BVerfG 24 mars 2021 – 1 BvR 2656/18, 1 BvR 78/20, 1 BvR 96/20 – Klimaschutzgesetz, ECLI:DE:BVerfG:2021:rs20210324.1bvr265618

La Cour constitutionnelle fédérale allemande, siégeant à Karlsruhe, a accueilli une partie des recours visant la loi relative à la lutte contre le dérèglement climatique (Klimaschutzgesetz) en raison d’une trop grande imprécision quant à la manière d’atteindre les objectifs de réduction des émissions de gaz à effet de serre tout en conciliant les libertés fondamentales.

La Klimaschutzgesetz a pour objet de fournir une feuille de route pour l’Allemagne afin d’atteindre les objectifs climatiques à l’horizon 2030 : atteindre une baisse de 55% des émissions de gaz à effet de serre, et assurer le respect des accords de Paris selon lesquels est prohibée toute hausse de la température globale supérieure à 2°C.

lle déléguait ensuite au gouvernement le soin de prendre des mesures pour la période à partir de 2031, par ordonnances, dès 2025. La Cour a censuré cette loi car les délégations parlementaires sont trop imprécises pour garantir une conciliation suffisante de la protection de l’environnement avec les libertés fondamentales.

Les mesures visant à atteindre la neutralité climatique sont nécessairement restrictives de certaines libertés fondamentales. Elles doivent donc rester proportionnées, être suffisamment prévisible, et surtout relever d’un processus démocratique transparent.

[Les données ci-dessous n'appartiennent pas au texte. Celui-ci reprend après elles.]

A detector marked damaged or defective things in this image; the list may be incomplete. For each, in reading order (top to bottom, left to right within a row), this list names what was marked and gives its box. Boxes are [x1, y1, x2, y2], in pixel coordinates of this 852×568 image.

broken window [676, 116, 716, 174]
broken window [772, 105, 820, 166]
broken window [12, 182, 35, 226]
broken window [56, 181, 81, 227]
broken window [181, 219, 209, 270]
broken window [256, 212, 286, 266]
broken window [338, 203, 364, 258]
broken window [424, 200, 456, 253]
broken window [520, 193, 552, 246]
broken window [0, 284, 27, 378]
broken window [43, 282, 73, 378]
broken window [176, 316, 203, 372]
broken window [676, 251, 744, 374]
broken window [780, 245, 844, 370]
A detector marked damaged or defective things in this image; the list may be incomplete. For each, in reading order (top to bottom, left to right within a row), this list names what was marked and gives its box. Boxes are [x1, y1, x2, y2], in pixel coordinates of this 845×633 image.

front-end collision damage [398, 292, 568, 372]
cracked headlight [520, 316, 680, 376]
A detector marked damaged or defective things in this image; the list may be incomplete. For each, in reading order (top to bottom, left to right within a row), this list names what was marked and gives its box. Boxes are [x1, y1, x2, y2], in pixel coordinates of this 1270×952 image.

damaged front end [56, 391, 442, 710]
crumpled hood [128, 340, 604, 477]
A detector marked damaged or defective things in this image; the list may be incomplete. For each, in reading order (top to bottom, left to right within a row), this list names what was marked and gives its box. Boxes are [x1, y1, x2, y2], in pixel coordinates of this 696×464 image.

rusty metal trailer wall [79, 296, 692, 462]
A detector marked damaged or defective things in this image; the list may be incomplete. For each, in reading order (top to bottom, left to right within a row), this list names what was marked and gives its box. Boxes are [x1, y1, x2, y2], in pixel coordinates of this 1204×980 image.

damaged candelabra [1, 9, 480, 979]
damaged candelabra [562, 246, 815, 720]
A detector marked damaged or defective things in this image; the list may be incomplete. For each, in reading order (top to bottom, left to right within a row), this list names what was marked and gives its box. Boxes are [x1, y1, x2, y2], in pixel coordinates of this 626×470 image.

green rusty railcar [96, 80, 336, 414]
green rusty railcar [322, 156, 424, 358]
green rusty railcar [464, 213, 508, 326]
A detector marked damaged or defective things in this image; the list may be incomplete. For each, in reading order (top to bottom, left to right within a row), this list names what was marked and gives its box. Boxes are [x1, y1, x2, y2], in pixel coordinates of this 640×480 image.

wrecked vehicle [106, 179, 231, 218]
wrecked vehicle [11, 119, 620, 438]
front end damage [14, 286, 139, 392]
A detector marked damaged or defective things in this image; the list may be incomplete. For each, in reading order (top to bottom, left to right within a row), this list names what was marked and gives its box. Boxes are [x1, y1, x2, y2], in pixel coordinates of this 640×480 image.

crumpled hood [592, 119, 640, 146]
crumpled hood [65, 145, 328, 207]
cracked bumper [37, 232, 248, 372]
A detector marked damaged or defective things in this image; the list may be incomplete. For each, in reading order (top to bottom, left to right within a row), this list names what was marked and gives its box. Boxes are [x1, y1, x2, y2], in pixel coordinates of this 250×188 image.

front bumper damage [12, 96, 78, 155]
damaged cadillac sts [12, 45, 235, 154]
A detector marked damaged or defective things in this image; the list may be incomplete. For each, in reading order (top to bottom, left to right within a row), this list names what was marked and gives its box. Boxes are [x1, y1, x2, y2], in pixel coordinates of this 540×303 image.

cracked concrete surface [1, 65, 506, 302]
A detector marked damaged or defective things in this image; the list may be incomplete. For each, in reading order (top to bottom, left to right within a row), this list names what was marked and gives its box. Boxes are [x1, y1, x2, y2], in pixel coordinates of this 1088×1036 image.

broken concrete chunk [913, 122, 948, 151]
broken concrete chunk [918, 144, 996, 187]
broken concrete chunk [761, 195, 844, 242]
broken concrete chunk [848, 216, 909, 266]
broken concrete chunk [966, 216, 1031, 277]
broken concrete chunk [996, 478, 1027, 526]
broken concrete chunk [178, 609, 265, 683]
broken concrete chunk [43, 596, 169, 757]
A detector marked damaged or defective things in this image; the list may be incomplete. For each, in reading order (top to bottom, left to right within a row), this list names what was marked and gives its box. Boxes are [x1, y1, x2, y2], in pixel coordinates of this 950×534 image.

Ces exigences ne sont, ici, pas suffisamment respectées. La solidarité intergénérationnelle doit également être prise en compte. La loi sur le changement climatique ouvre la voie à une utilisation excessive des crédits carbone jusqu’en 2030, ne laissant aux générations futures pratiquement aucun espace de décision après cette date pour effectuer la transition vers une société à faible émission de carbone, et les privant ainsi de pans entiers de leurs droits fondamentaux.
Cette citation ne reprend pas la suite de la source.